Graphical-model Based Multiple Testing under Dependence, with Applications to Genome-wide Association Studies

TL;DR

This paper introduces a graphical-model-based multiple testing method that leverages dependence structures, using a Markov random field and EM algorithm, improving detection power in genome-wide association studies.

Contribution

It proposes a novel multiple testing procedure based on a Markov random field coupled with an EM algorithm for parameter estimation, enhancing dependence-aware testing.

Findings

Improved multiple testing performance in simulations

Effective control of false discovery rate

Successful application to breast cancer GWAS identifying significant SNPs

Abstract

Large-scale multiple testing tasks often exhibit dependence, and leveraging the dependence between individual tests is still one challenging and important problem in statistics. With recent advances in graphical models, it is feasible to use them to perform multiple testing under dependence. We propose a multiple testing procedure which is based on a Markov-random-field-coupled mixture model. The ground truth of hypotheses is represented by a latent binary Markov random field, and the observed test statistics appear as the coupled mixture variables.
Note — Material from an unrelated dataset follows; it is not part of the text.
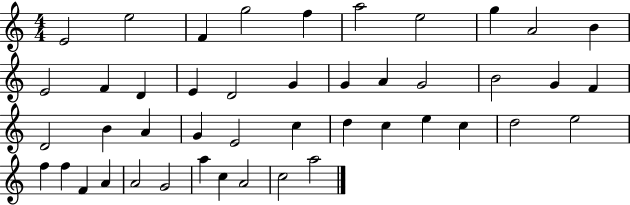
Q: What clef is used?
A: treble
The parameters in our model can be automatically learned by a novel EM algorithm. We use an MCMC algorithm to infer the posterior probability that each hypothesis is null (termed local index of significance), and the false discovery rate can be controlled accordingly. Simulations show that the numerical performance of multiple testing can be improved substantially by using our procedure. We apply the procedure to a real-world genome-wide association study on breast cancer, and we identify several SNPs with strong association evidence.